В дальнейшем Борис Пастернак стал появляться на заседаниях кружков при издательстве «Мусагет», где и познакомился с А. Белым лично. Последний с теплотой вспоминал о Пастернаке тех лет: «<…> Помню я милое, молодое лицо с диким взглядом, сулящим будущее». Но более всего Белый ценил незаурядное поэтическое дарование поэта и однажды даже назвал «последним мерилом первичности» [в литературе]. Пути их пересекались до последних дней. Общаться приходилось в самых различных обстоятельствах. В конце января 1918 года, например, на квартире одного из московских поэтов вместе присутствовали на чтении Владимиром Маяковским поэмы «Человек». Теперь уже вспоминает Пастернак: «Он слушал как завороженный, ничем не выдавая своего восторга, но тем громче говорило его лицо.
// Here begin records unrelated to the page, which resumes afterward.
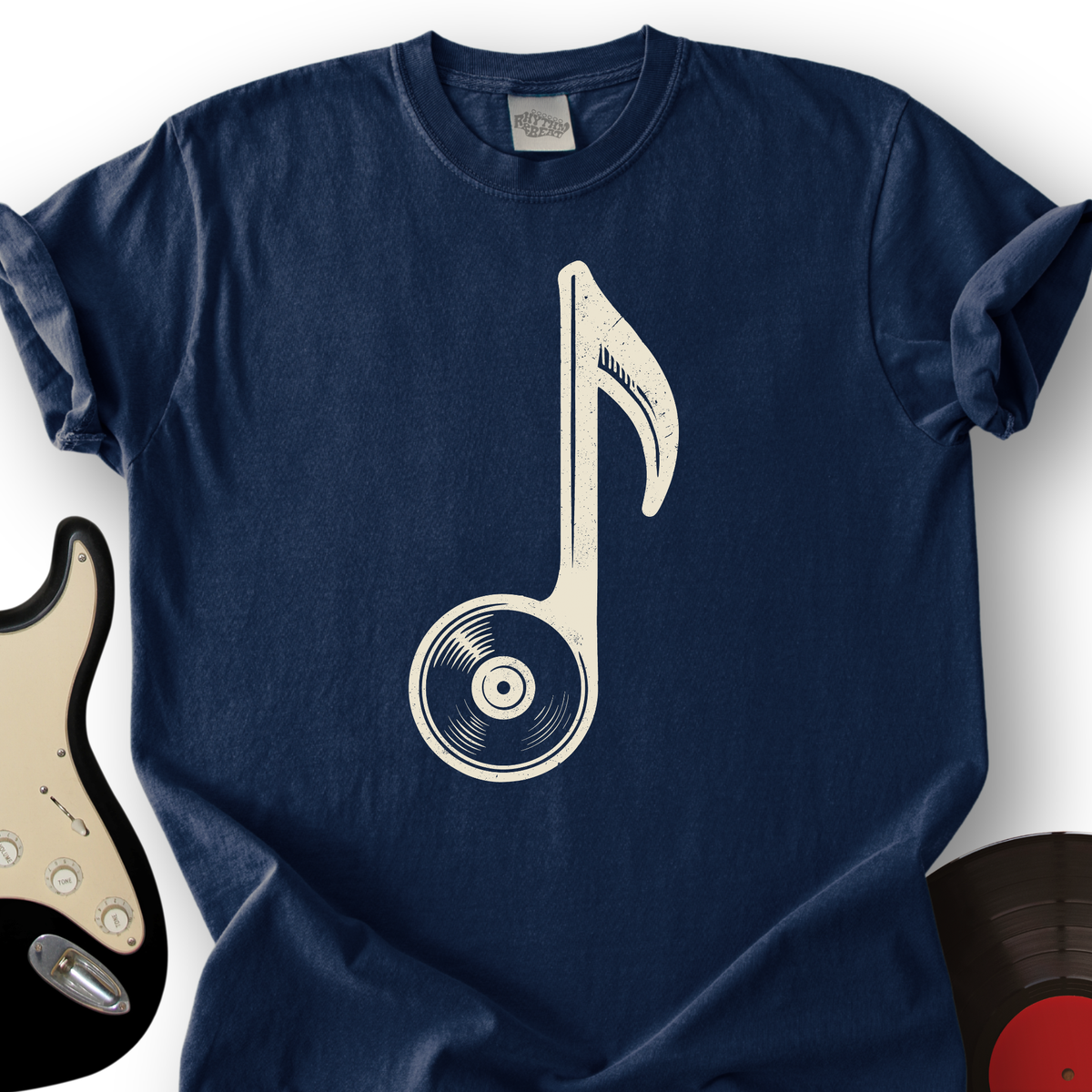 [1794] Under Pressure T-Shirt product image 2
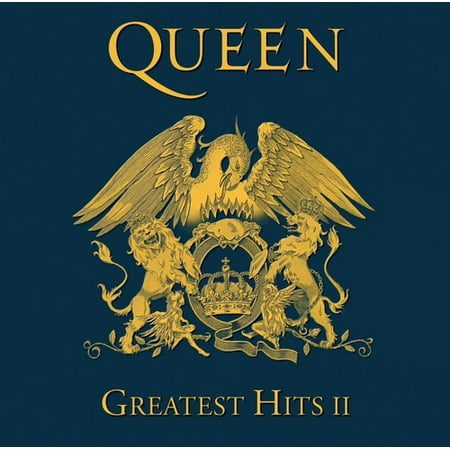 Queen - Greatest Hits 2 - CD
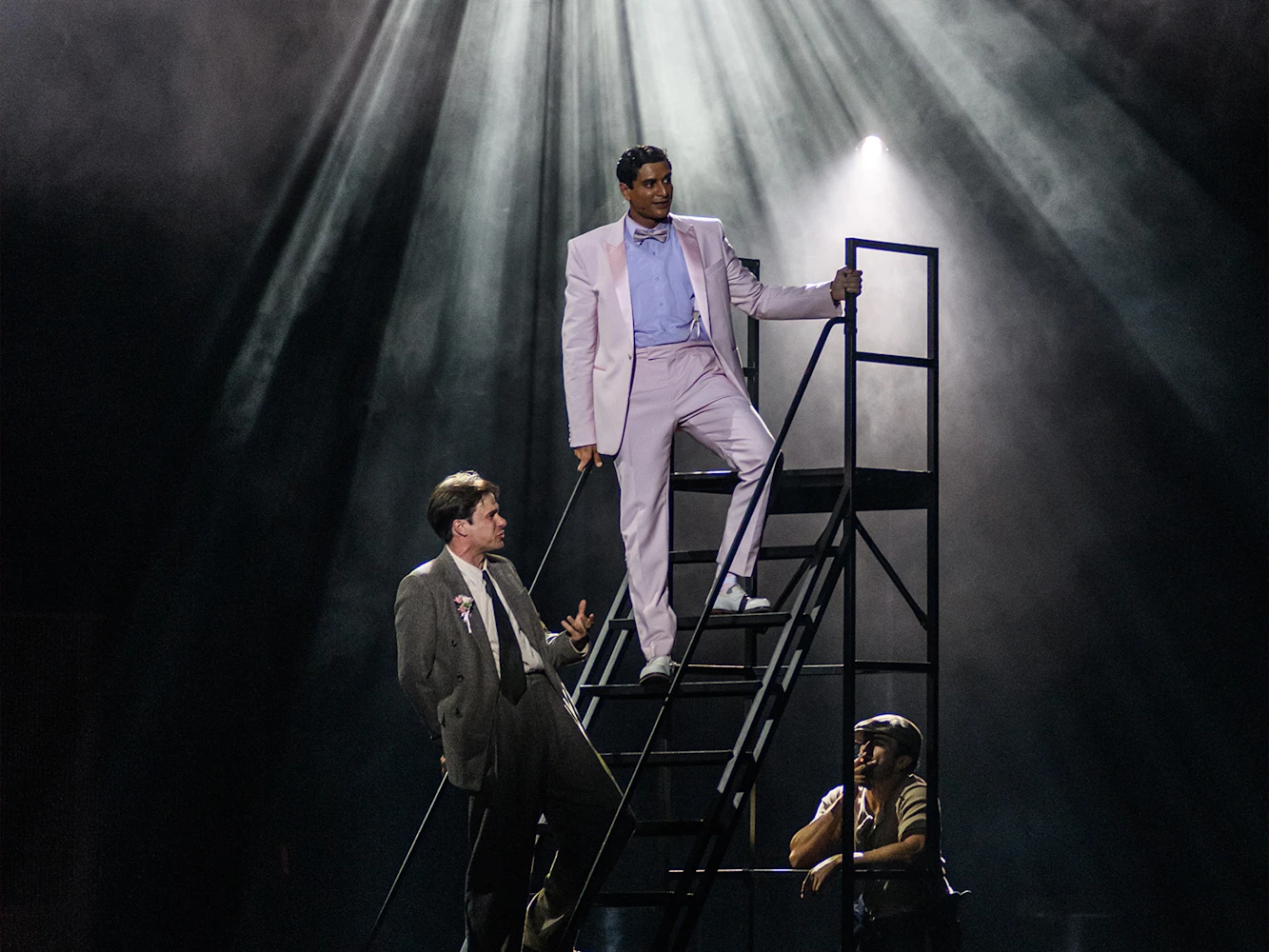 The Great Gatsby: What to expect - 2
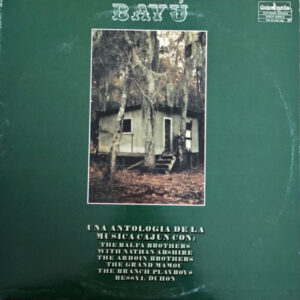 Various - Bayu-0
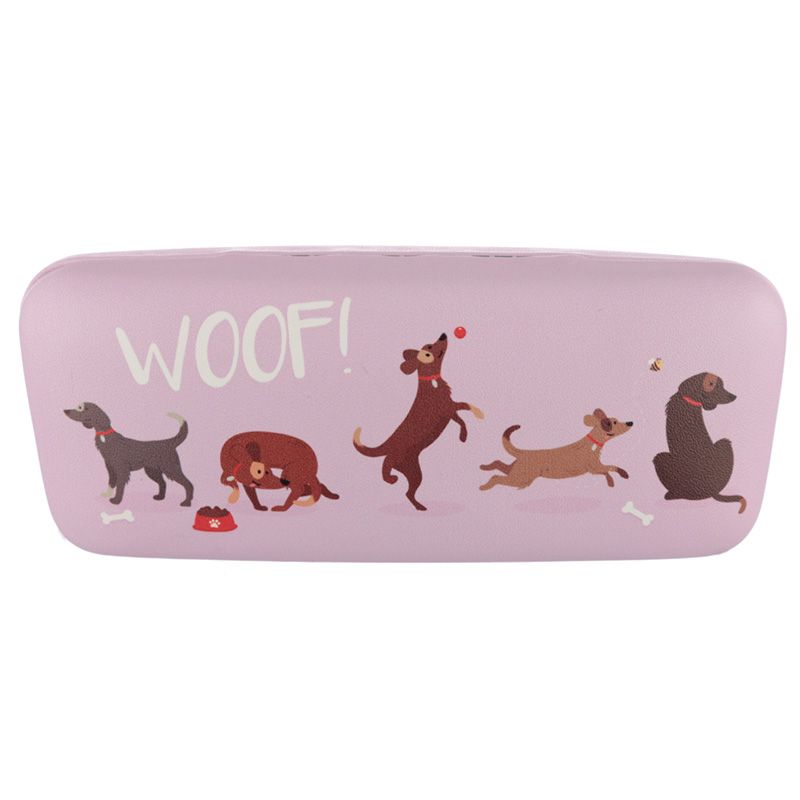 Catch Patch Hunde Design
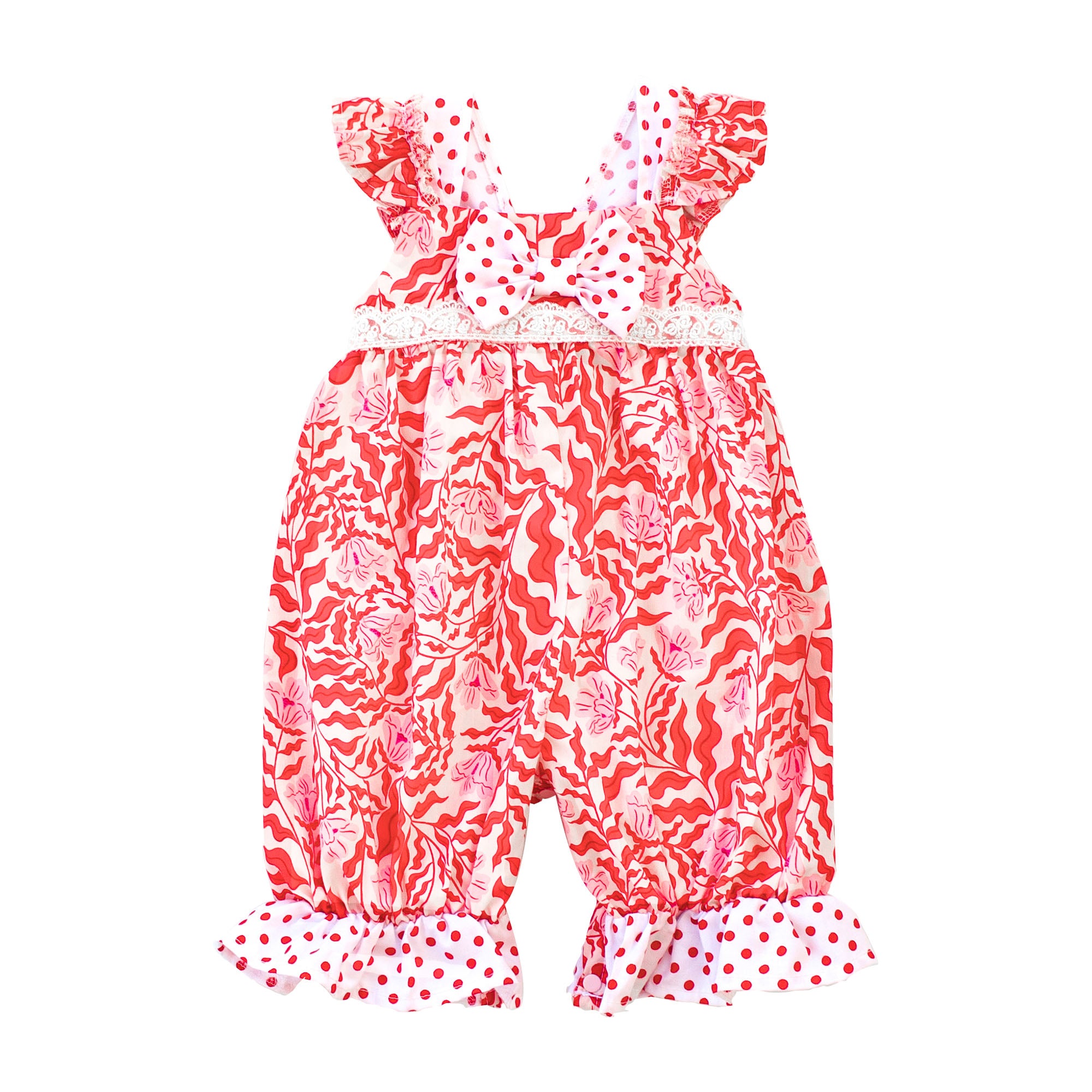 Premium Quality Sweet Love Bubble for Toddlers - Haute Baby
Оно неслось навстречу читавшему, удивляясь и благодаря. <…> Большинство из рамок завидного самоуваженья не выходило. Все чувствовали себя именами, все – поэтами. Один Белый слушал, совершенно потеряв себя, далеко-далеко унесенный той радостью, которой ничего не жаль, потому что на высотах, где она чувствует себя как дома, ничего, кроме жертв и вечной готовности к ним, не водится. Случай сталкивал на моих глазах два гениальных оправданья двух последовательно исчерпавших себя литературных течений. В близости Белого, которую я переживал с горделивой радостью, я присутствие Маяковского ощущал с двойною силой». (Белый, по собственному выражению, был в экстазе от стихов Маяковского и позже присутствовал на повторном чтении поэмы «Человек» в Политехническом музее, где принял участие в дискуссии.)